Banyuwangi, — Media Indonesia Times| Forum Komunikasi Koperasi Banyuwangi (FKKB), yang menaungi 27 koperasi legal di Kabupaten Banyuwangi, menyatakan keprihatinannya terhadap maraknya narasi yang dinilai menyesatkan masyarakat, terutama yang mendorong anggota koperasi untuk tidak mengembalikan pinjaman.
Pernyataan ini disampaikan langsung oleh Humas FKKB, Mustoli, sebagai respons atas polemik yang mencuat hingga sempat dibahas dalam forum hearing DPRD Banyuwangi.
“Kami tidak alergi terhadap upaya penertiban koperasi. Tapi cara menertibkannya jangan sampai mengabaikan etika, hukum, dan prinsip regulasi yang berlaku,” ujar Mustoli, Rabu (7/5/2025).

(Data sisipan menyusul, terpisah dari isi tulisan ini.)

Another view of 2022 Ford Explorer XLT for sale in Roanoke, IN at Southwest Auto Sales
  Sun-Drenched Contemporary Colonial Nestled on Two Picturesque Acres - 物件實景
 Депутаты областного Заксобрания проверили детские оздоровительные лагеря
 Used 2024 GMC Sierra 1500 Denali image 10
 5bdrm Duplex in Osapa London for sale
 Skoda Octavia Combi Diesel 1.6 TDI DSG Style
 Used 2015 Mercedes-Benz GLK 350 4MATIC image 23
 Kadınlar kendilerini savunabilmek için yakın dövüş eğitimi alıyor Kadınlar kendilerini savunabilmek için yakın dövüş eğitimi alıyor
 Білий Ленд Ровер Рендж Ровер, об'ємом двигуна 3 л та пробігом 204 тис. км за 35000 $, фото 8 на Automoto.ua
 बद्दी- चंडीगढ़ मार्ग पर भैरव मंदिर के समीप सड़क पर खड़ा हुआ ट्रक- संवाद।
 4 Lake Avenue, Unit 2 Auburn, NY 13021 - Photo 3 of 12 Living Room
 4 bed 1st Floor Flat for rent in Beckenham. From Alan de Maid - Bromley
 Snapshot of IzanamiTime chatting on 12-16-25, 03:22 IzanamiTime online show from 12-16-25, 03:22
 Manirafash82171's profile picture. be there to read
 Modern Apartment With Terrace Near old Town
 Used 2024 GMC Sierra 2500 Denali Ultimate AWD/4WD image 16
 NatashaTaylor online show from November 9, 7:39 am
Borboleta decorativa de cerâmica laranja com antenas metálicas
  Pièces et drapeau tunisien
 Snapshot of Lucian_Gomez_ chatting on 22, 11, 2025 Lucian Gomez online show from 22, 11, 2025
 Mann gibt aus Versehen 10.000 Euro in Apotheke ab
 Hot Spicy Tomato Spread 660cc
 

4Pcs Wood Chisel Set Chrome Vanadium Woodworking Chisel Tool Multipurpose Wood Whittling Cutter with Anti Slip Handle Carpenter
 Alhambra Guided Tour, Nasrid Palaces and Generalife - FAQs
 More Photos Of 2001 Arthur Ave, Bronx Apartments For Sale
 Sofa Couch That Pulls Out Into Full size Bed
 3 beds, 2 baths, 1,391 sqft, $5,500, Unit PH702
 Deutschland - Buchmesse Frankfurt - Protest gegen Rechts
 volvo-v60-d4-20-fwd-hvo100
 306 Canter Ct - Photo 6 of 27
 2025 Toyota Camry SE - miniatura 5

Ia menyesalkan adanya narasi sepihak yang justru memicu stigma terhadap koperasi, seolah-olah semua lembaga tersebut bermasalah. Mustoli menegaskan, mendorong masyarakat agar tidak membayar utang koperasi sangat merugikan dan berpotensi memicu instabilitas sosial.
“Kalau terus didorong agar yang punya utang tidak membayar, dampaknya bukan hanya pada keuangan koperasi. Ini bisa menimbulkan konflik horizontal,” tegasnya.
FKKB, lanjut Mustoli, mendukung penertiban koperasi-koperasi ilegal, namun tetap mengedepankan hukum dan tanpa tindakan intimidatif.
“Kita ini negara demokratis. Tidak boleh ada tindakan kasar atau intimidatif dalam proses penertiban,” katanya.
Ia juga menyoroti pihak-pihak yang terlalu jauh masuk ke ranah internal koperasi tanpa kewenangan hukum, seperti meminta dokumen legalitas atau melakukan semacam audit tanpa prosedur yang sah.
“Semua warga negara boleh menyampaikan kritik, tapi mereka bukan penegak hukum. Kalau ingin memperbaiki, sampaikan saran, bukan tekanan,” ucap Mustoli.
Terkait anggota koperasi yang kesulitan membayar pinjaman, ia menegaskan bahwa koperasi menjunjung tinggi semangat gotong royong.
“Kalau ada anggota yang benar-benar tidak mampu, bisa dibicarakan. Bahkan bisa dibantu untuk bangkit kembali. Tapi bukan berarti dibenarkan untuk tidak membayar sama sekali,” jelasnya.
Mustoli memastikan bahwa seluruh koperasi di bawah naungan FKKB memiliki legalitas yang jelas dan dapat dipertanggungjawabkan. FKKB juga terbuka untuk berdialog dan memberikan informasi melalui jalur yang benar.
“Kami terbuka soal izin. Kalau ada yang ingin tahu, silakan dengan komunikasi yang baik dan prosedur yang sesuai,” pungkasnya.
FKKB berharap polemik ini segera berakhir agar koperasi dapat kembali menjalankan perannya sebagai sokoguru perekonomian rakyat secara optimal.